### Your instructions
When you reach the line with "طرح برج ایفل" in the records below, begin transcribing exactly and continue up to and including the line with "Oversized Cropped Hoodie / Charcoal", leaving out every picture.

### Material supplied

• • •

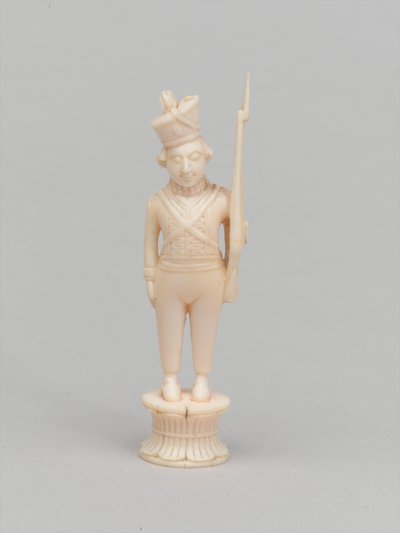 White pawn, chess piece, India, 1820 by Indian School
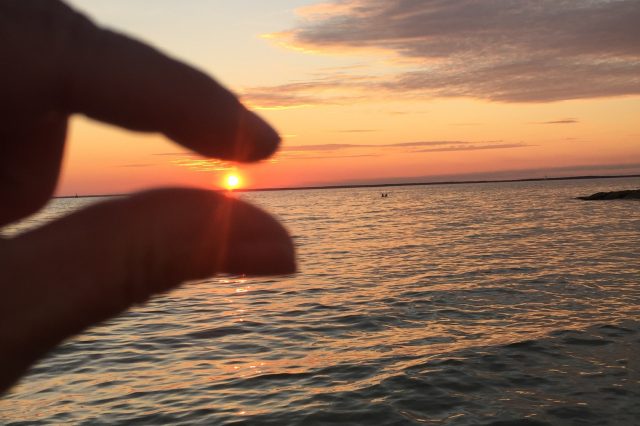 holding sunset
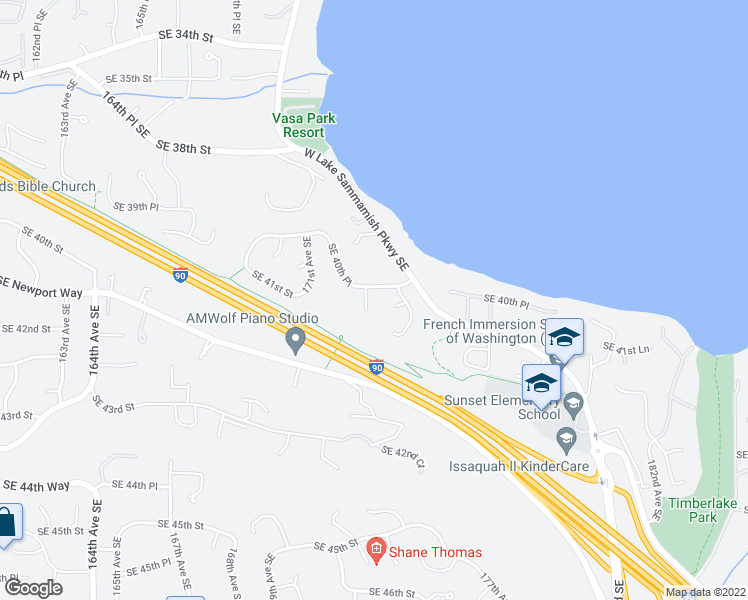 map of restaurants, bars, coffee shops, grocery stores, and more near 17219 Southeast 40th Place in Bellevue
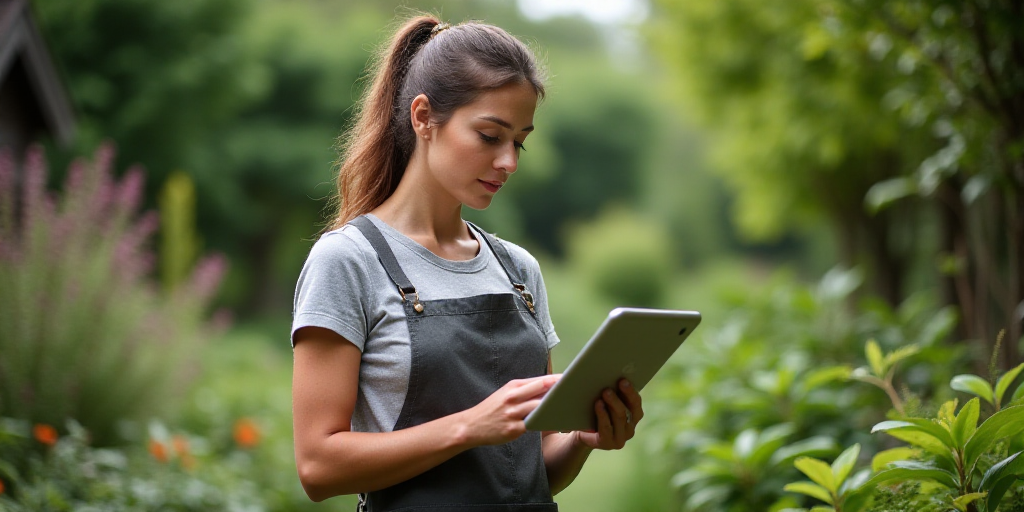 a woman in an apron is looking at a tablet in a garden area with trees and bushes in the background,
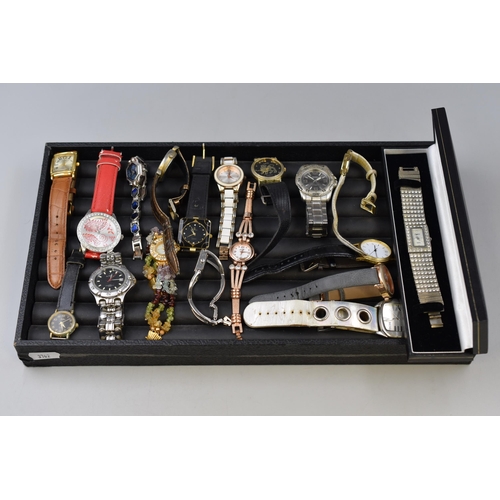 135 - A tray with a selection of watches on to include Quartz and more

• • •

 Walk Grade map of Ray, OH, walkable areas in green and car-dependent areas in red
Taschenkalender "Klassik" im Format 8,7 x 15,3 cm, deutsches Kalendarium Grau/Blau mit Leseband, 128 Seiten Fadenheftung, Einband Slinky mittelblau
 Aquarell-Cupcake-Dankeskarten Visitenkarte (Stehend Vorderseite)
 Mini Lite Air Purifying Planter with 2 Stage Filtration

• • •

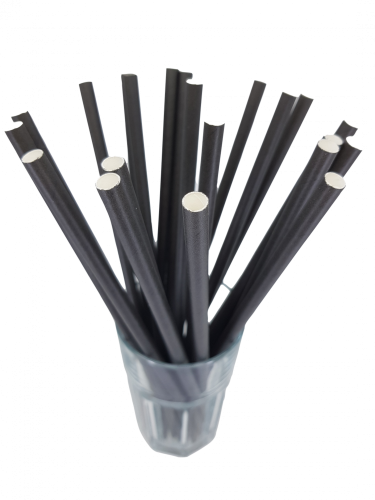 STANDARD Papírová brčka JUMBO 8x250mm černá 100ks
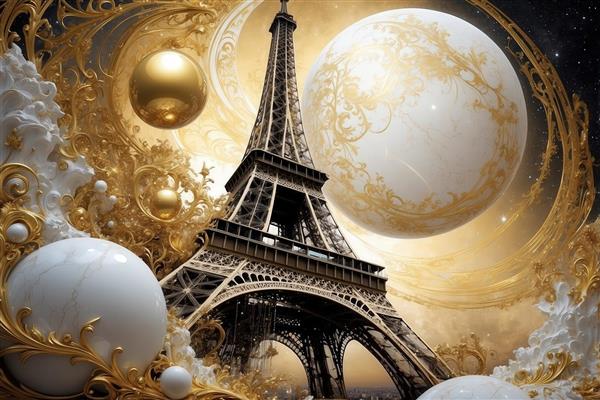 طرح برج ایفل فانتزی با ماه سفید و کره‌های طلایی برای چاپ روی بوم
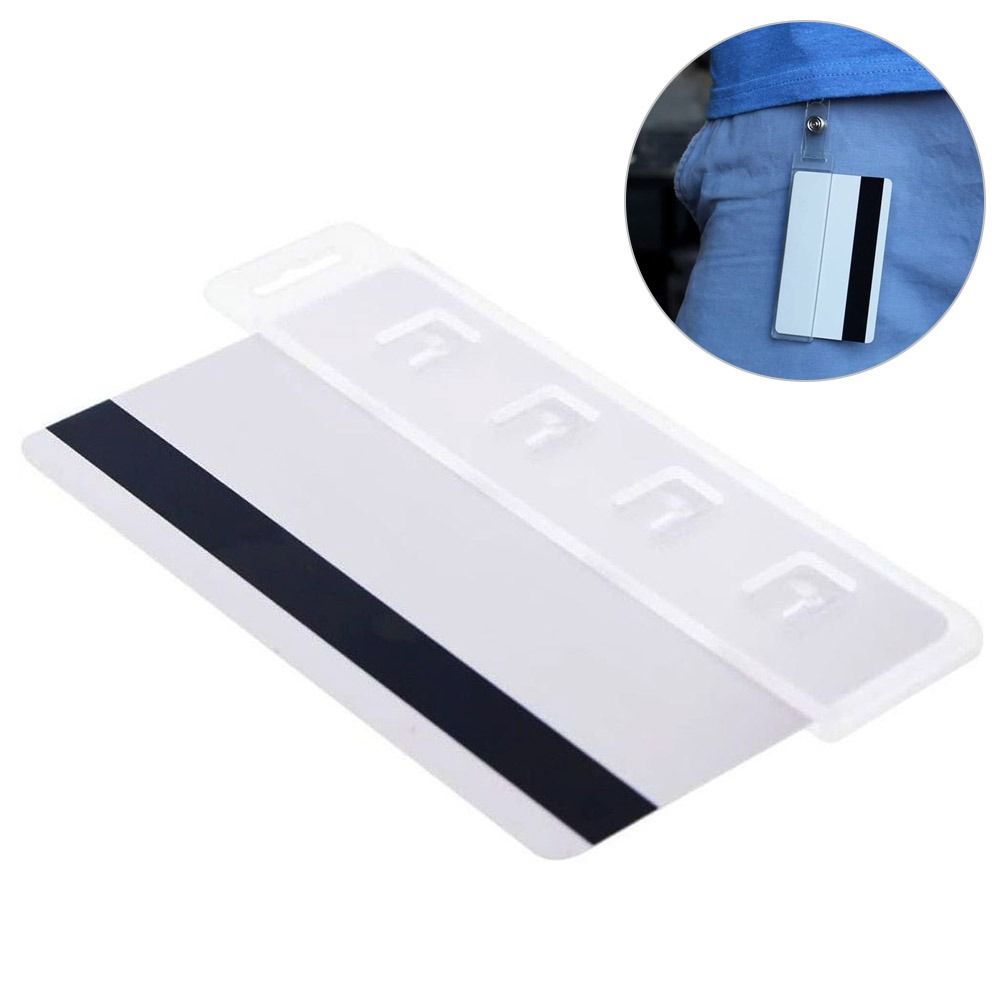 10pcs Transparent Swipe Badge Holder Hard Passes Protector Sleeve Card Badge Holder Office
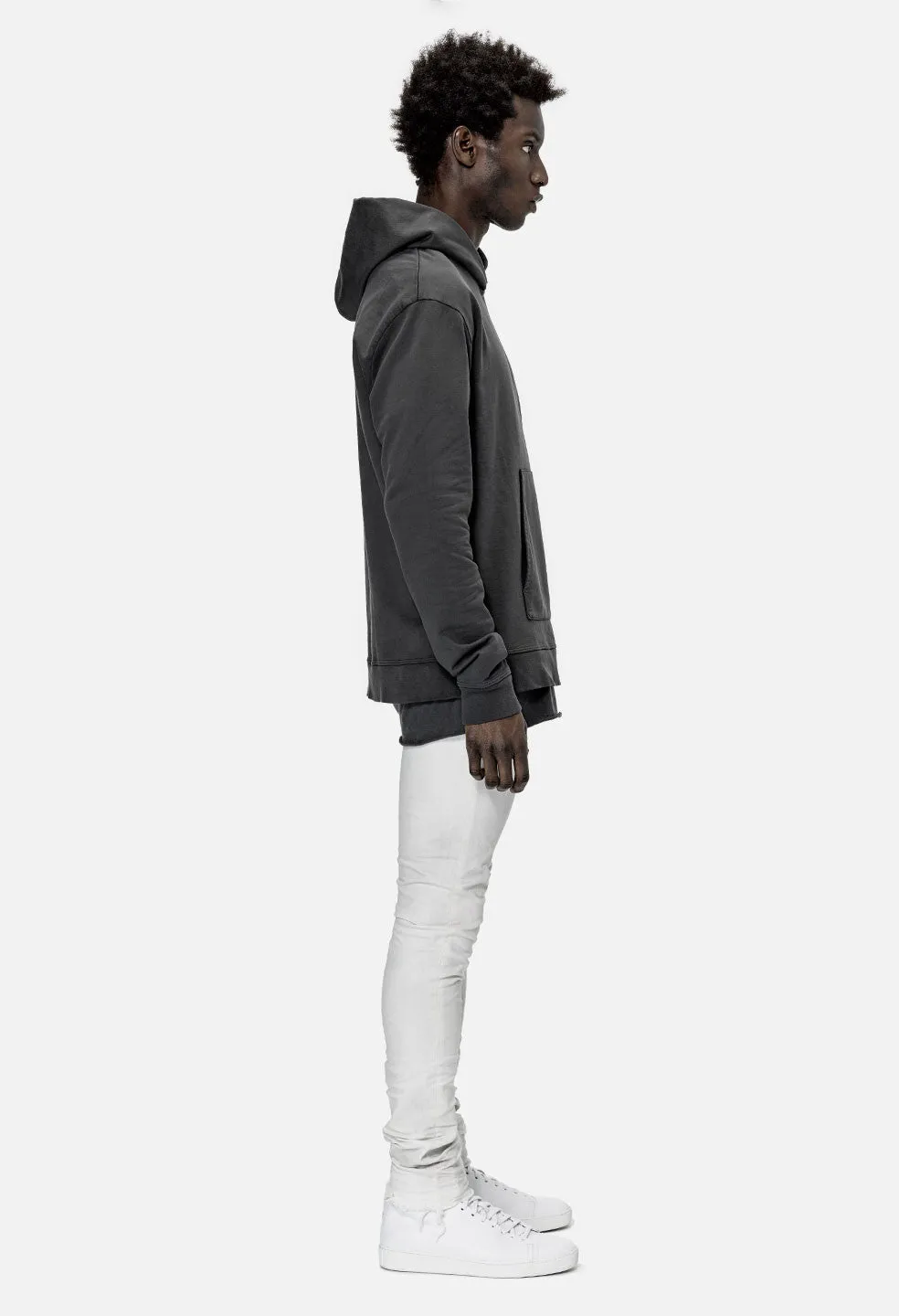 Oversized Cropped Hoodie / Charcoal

• • •

### Task answer
 طرح برج ایفل فانتزی با ماه سفید و کره‌های طلایی برای چاپ روی بوم
 10pcs Transparent Swipe Badge Holder Hard Passes Protector Sleeve Card Badge Holder Office
 Oversized Cropped Hoodie / Charcoal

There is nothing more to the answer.